Provided records:
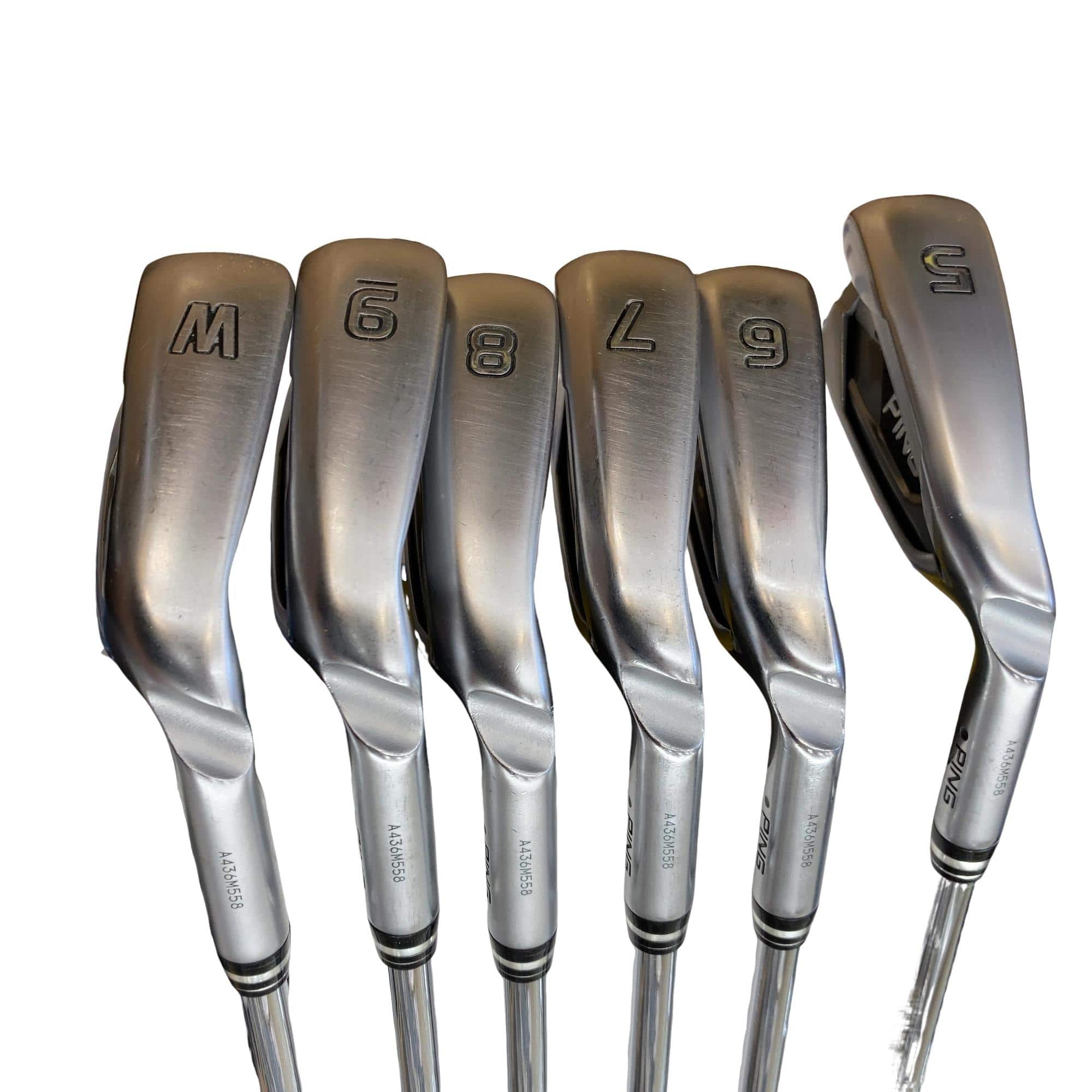 �f�S�Q�T�@�@�U�r�i�A�[�R�X�����j�i���{���F�U�{�Z�b�g�j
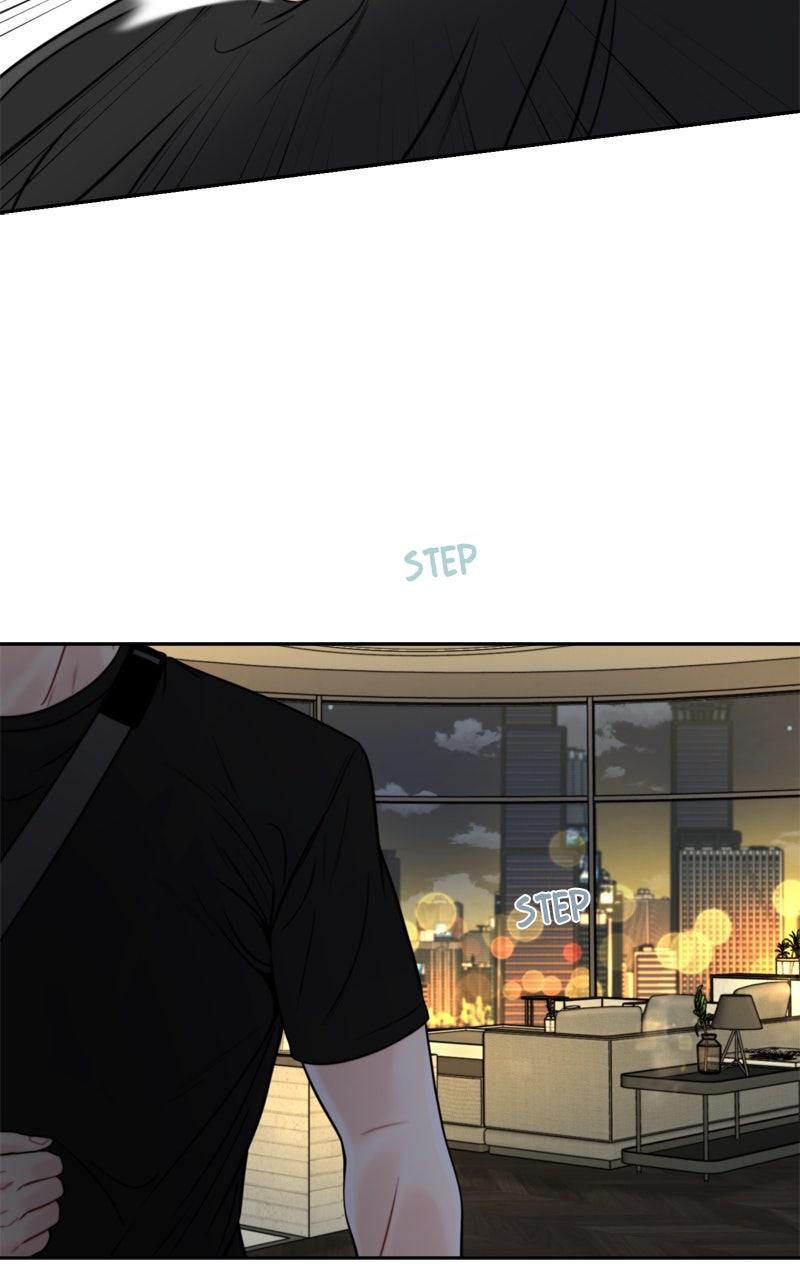 Read Secretary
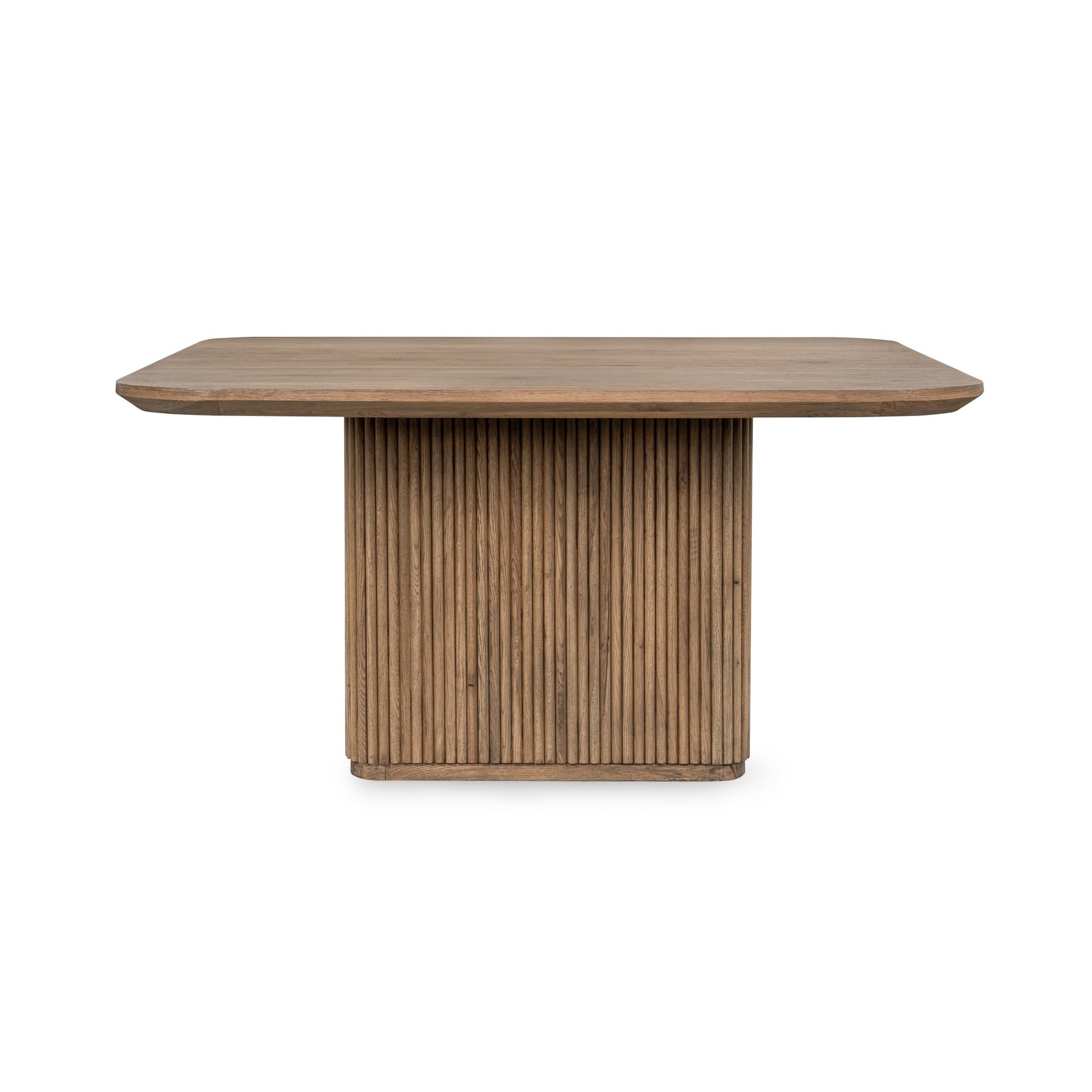 Vander Square Dining Table
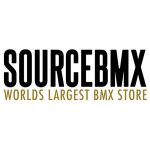 Sourcebmx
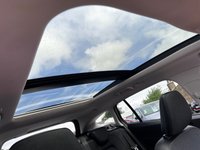 USED 2019 69 FORD FOCUS 2.0 EcoBlue Active X Estate 5dr Diesel Manual Euro 6 (s/s) (150 ps) 
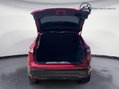 Nissan Qashqai 1.2 DIG-T n-tec 2WD Euro 6 (s/s) 5dr 19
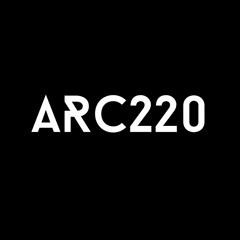 ARC220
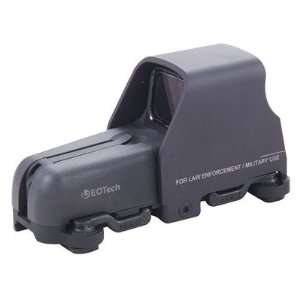 Holographic Sight 553 Holographic Sight 
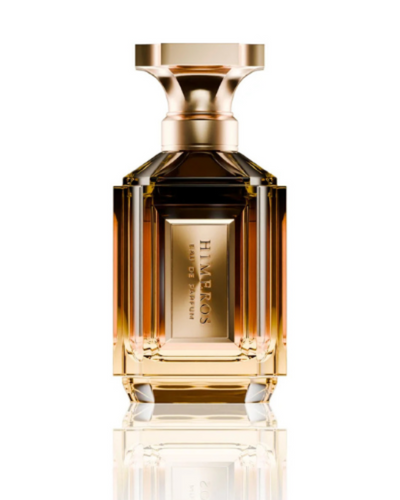 Velixir Himeros (100ml)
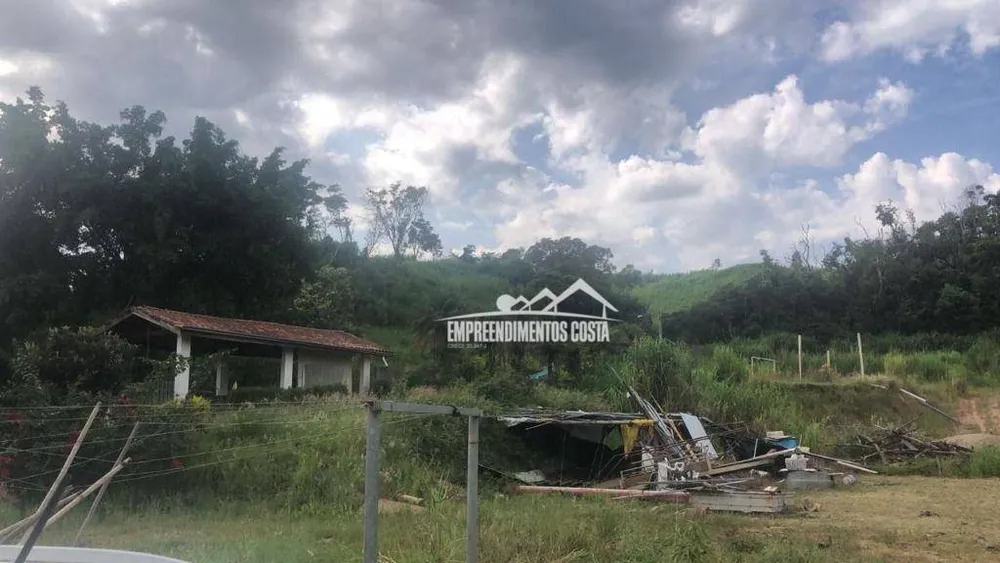 Chácara, 3 quartos, 6 hectares - Foto 12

Work to be completed: Give every entry back unchanged, with no pictures.

Worked solution:
 �f�S�Q�T�@�@�U�r�i�A�[�R�X�����j�i���{���F�U�{�Z�b�g�j
 Read Secretary
 Vander Square Dining Table
 Sourcebmx
 USED 2019 69 FORD FOCUS 2.0 EcoBlue Active X Estate 5dr Diesel Manual Euro 6 (s/s) (150 ps) 
 Nissan Qashqai 1.2 DIG-T n-tec 2WD Euro 6 (s/s) 5dr 19
 ARC220
 Holographic Sight 553 Holographic Sight 
 Velixir Himeros (100ml)
 Chácara, 3 quartos, 6 hectares - Foto 12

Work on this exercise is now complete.